This guide will help you craft an annotated bibliography, either as part of an assignment or as an exercise to improve your thinking or clarify your research strategy.

Why is it important to summarize?

 

A summary helps the reader grasp the main points of a book, article or other resource. This is important because it orients the reader as to the central premise(s) of the resource in question. This orientation is critical for the reader's understanding of your annotation; he or she needs to know what the basic argument is — along with some examples of the evidence the author has used in service of that argument — before he or she can proceed to your own critical evaluation of how effective the author's argument is. Further, creating a summary is helpful for your own thinking because it asks you to interpret, and then communicate clearly, the central ideas of a piece. This exercise can then help you figure out how a piece is to be used in your own work.  

How do I summarize a resource?

 

First, let's review the summary part of our sample annotation:

Anthropologist Lila Abu-Lughod uses examples drawn from her own fieldwork among Bedouin communities in western Egypt to argue in favor of examining specific forms of resistance to enable the study of shifts in power relations, rather than adopting an abstract theory of power — a move that Abu-Lughod says can result in scholarly romanticization of groups that are said to be battling oppression.

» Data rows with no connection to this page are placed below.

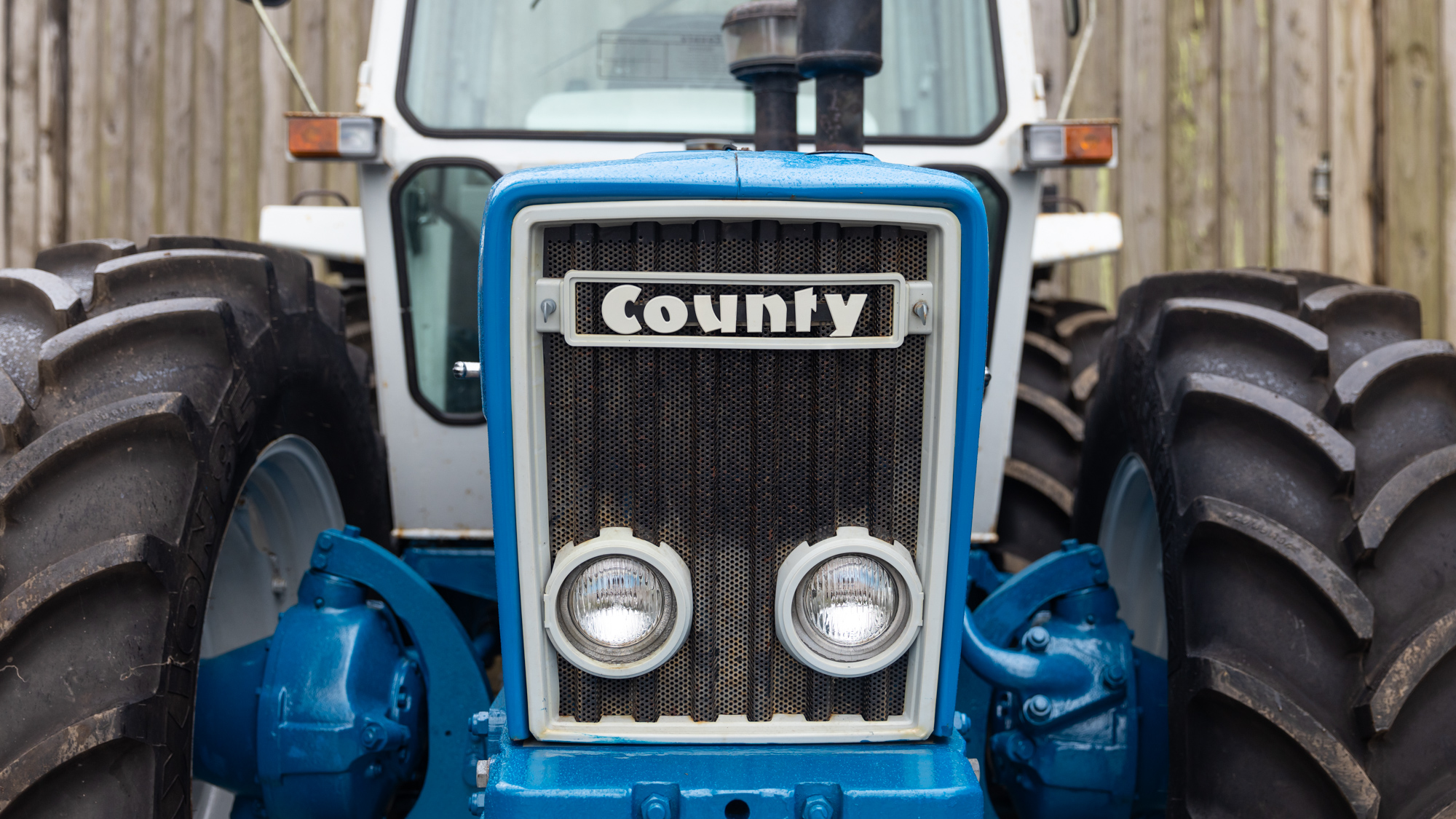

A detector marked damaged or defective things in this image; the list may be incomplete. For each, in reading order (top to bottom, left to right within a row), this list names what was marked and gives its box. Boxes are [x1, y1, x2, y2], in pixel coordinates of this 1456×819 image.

rusty grille mesh [542, 218, 926, 719]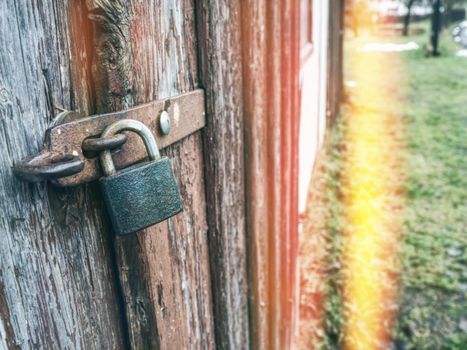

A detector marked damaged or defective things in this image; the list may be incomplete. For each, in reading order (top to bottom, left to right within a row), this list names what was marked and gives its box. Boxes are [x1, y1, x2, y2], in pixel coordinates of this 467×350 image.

rusty metal hasp [11, 89, 206, 186]
old rusty padlock [99, 119, 183, 237]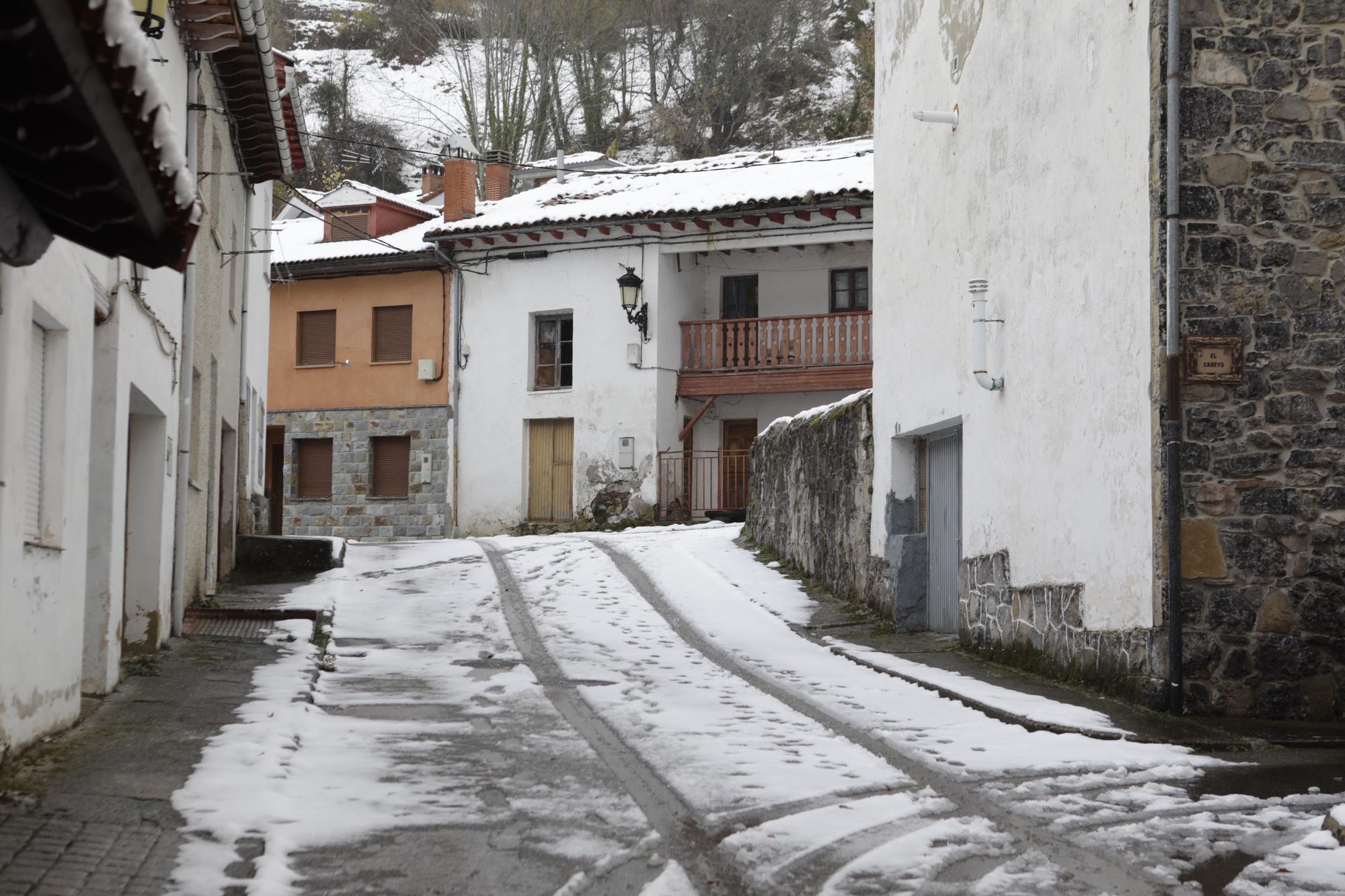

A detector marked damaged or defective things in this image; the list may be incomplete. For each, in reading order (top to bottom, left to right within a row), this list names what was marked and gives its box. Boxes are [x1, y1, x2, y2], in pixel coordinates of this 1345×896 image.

peeling plaster wall [872, 0, 1157, 626]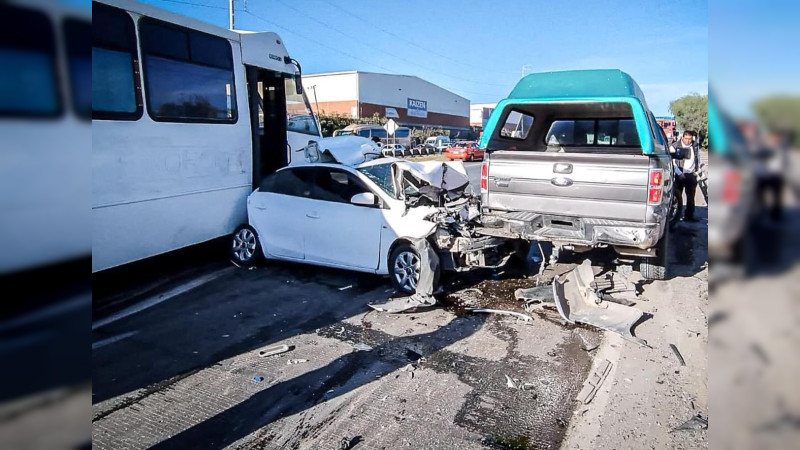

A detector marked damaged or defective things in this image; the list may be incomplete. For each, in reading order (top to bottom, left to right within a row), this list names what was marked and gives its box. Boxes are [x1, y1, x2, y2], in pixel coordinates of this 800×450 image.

crumpled hood [318, 137, 382, 167]
shattered windshield [358, 162, 396, 197]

To make her argument, the author provides several examples of forms of resistance that women in these Bedouin communities employ; these include minor defiance, resistance to marriage, sexually irreverent talk and gestures, and subversive oral lyric poetry. These forms of resistance, Abu-Lughod argues, demonstrate not only the specific ways that Bedouin women resist power but also the particular social pressures that constrain or discipline them. Further, the author shows how this kind of examination can also reveal changes in the ways in which power operates in these Bedouin communities — specifically, those changes wrought by the increasing prominence of social forces previously external to them. Abu-Lughod’s article is therefore not merely about interpreting power and resistance but also examining the intricacies of the ways in which various aspects of modernity — including capitalism, media, nation-states and transnational movements such as Islam — affect power relations and gender dynamics in these “traditional” communities. Abu-Lughod’s claim is that this method is better suited to the task of tracking such intricacies than methods employing abstract theories of resistance.

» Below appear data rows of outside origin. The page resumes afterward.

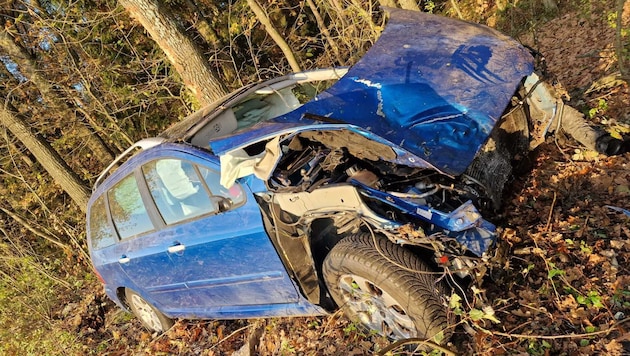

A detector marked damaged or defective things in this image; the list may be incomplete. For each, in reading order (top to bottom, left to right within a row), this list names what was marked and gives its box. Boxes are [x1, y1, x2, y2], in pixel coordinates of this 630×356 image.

wrecked blue car [87, 8, 552, 342]
damaged hood [270, 8, 536, 175]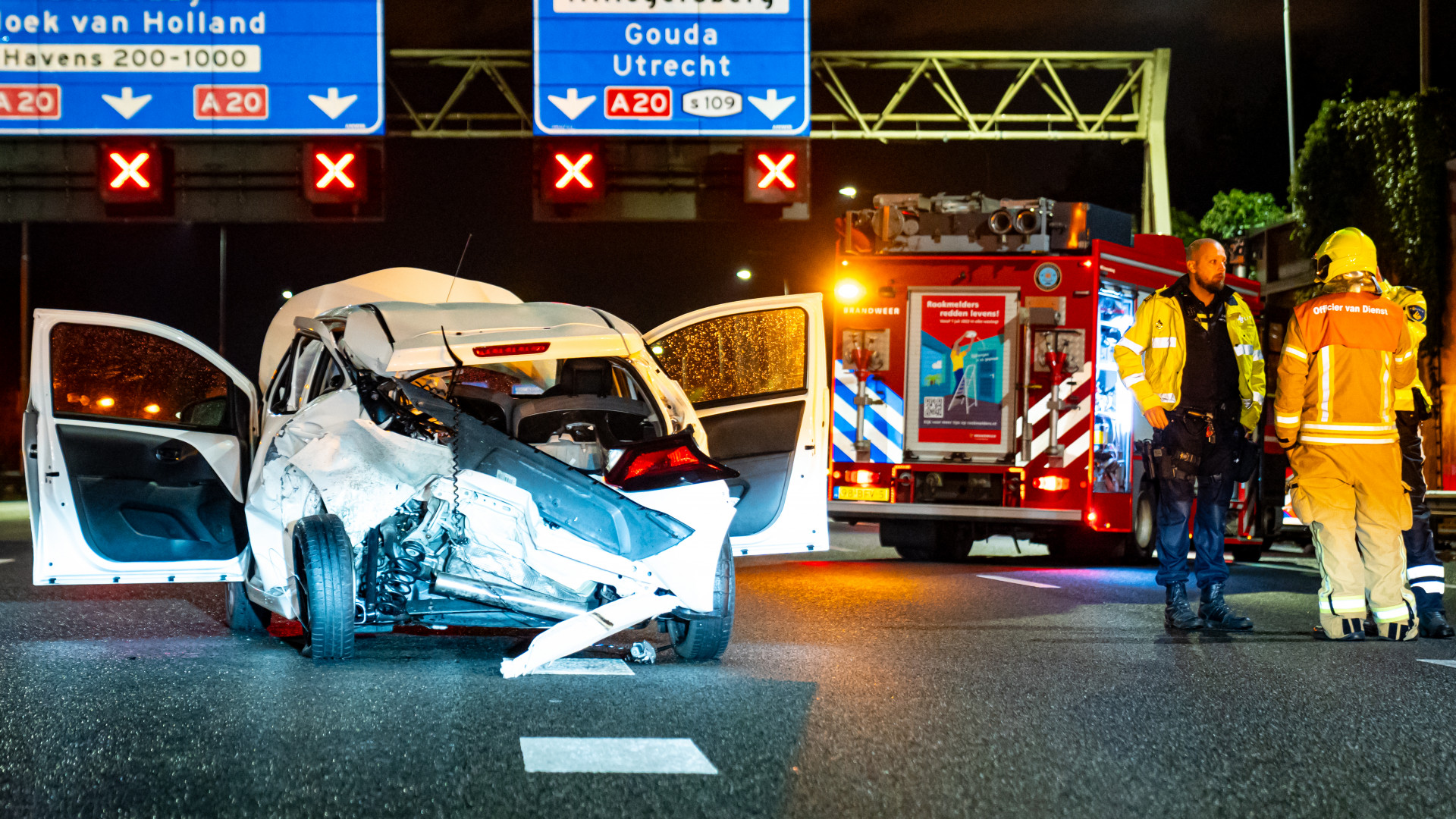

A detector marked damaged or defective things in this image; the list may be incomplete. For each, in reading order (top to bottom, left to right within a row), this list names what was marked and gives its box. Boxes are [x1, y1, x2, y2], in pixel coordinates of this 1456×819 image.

shattered side window [50, 322, 230, 431]
shattered side window [657, 306, 815, 405]
wrecked white car [23, 268, 827, 670]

Reading through the summary above, we can see that it essentially contains three elements:

  • First, it provides an overall statement about the argument of the piece ("argue[s] in favor of examining specific forms of resistance to study shifts in power relations, rather than adopting an abstract theory of power"). What, in a nutshell, is the author trying to argue, prove or demonstrate?
  • Second, it discusses how the author makes her argument. In other words, what evidence does she use in making the argument, and how does she deploy that evidence? In the case of this article, this evidence includes the specific examples of resistance, and then the further evidence of changes to that resistance that have been catalyzed by "modern" phenomena. 
  • Third, the annotation restates the original argument/claim in a form that has now been enriched by a discussion of the specific evidence cited. 

And so when you're doing your annotations, these are the things to which you want to pay attention, and things you want to be asking as you read it. What is the argument? And what forms of evidence are being brought to bear in making this claim? Paying attention to these two basic questions will provide you with the main material for your summary — and guide you toward the final part of your annotation, the evaluation.